Exercise inputs:

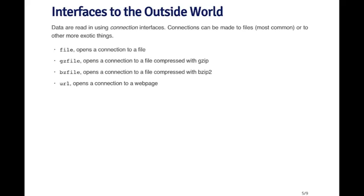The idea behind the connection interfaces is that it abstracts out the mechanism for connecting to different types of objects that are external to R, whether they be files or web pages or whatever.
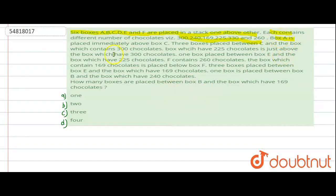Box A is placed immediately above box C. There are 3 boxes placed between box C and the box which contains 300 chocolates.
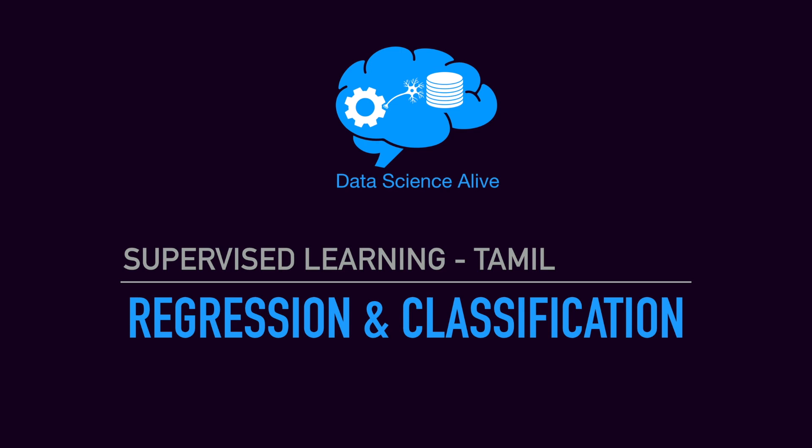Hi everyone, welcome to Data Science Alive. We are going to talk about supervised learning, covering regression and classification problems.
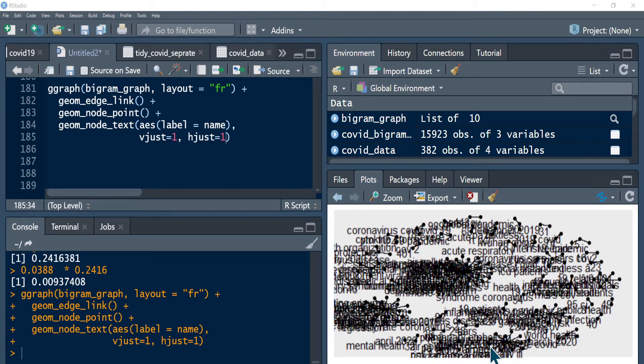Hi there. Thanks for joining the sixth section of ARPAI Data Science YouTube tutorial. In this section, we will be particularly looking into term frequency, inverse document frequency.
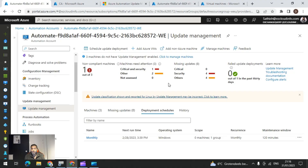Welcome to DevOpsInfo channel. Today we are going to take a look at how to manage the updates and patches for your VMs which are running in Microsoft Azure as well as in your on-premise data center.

--

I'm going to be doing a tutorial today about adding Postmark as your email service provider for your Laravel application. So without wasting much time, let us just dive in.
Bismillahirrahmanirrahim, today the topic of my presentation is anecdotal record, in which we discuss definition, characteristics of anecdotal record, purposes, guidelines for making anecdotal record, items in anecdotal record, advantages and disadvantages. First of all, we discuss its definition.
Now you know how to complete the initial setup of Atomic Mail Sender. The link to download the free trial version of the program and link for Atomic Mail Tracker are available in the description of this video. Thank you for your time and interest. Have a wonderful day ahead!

--

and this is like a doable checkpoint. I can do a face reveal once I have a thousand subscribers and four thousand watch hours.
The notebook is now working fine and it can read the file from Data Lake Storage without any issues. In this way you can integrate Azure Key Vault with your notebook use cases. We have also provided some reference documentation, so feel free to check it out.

Requirement: In the listing above, find each line with the word "time" and return it.

Reply:
I'm going to be doing a tutorial today about adding Postmark as your email service provider for your Laravel application. So without wasting much time, let us just dive in.
Now you know how to complete the initial setup of Atomic Mail Sender. The link to download the free trial version of the program and link for Atomic Mail Tracker are available in the description of this video. Thank you for your time and interest. Have a wonderful day ahead!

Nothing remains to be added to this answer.